LARAMIE — The state Legislature’s Management Council decided an evaluation of the University of Wyoming’s College of Agriculture will be the top priority for the Joint Agriculture, State & Public Lands & Water Resources Committee during the 2019 interim.

LARAMIE — The state Legislature’s Management Council decided an evaluation of the University of Wyoming’s College of Agriculture will be the top priority for the Joint Agriculture, State & Public Lands & Water Resources Committee during the 2019 interim.

In a letter to Management Council, the agriculture committee’s co-chairmen said the scrutiny on the College of Agriculture would “help ensure the college is offering programs that are Wyoming-centered including rangeland management, ecology, high-altitude cattle management and ranch manager programs.”

Sen.
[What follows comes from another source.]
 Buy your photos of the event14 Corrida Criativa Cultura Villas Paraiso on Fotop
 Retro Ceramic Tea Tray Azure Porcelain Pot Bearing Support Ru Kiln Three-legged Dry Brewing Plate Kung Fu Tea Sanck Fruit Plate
Brian Boner, R-Douglas, told council members that the goal of the committee’s work will make sure the College of Agriculture is “really focusing on the land grant mission.”

He said he wants the college to be “a really good training pipeline for our federal agencies in particular.”

That suggestion was shared by Rep. Albert Sommers, R-Pinedale, who said the College of Agriculture should funnel more graduates into federal agencies when he proposed, during his work on the Joint Appropriations Committee, to have new funding for the college to be spent on rangeland management programming.

The Joint Appropriations Committee had originally agreed to a much more prescriptive mandate on what rangeland management programming UW should offer, despite Legislative Service Office staff noting such a mandate might “not be appropriate” because Wyoming statutes endow the Board of Trustees with the authority to establish programming.

Prior to the 2019 session, former Gov. Matt Mead, in his proposed supplemental budget, and UW administrators had asked for $5 million in additional programming funds to improve the College of Agriculture.

At a town hall meeting earlier this month, UW President Laurie Nichols said the goal of that new funding would have been to “begin to elevate the College of Agriculture to the level of excellence that we have with the College of Engineering.”

However, the Legislature only appropriated $500,000 for an “excellence in agricultural education and research endowment.”

Under the supplemental budget bill, UW is required to submit a report to the agriculture committee “on the efforts and outcomes on each of the permissible uses of endowment funds as well as development of priority degrees” regarding ranch and range management programs.

UW is currently undergoing a search for a new dean for the college. Bret Hess had served as interim dean until the trustees replaced him with Mark Stayton, emeritus associate professor in the Department of Molecular Biology, after a February executive session.

Stayton told the Legislature’s Management Council last week that a new permanent dean “can be announced in the next month or so.”

He said UW leaders are “very pleased to support this priority, and we’re happy to cooperate and engage on every level that’s involved in the process.”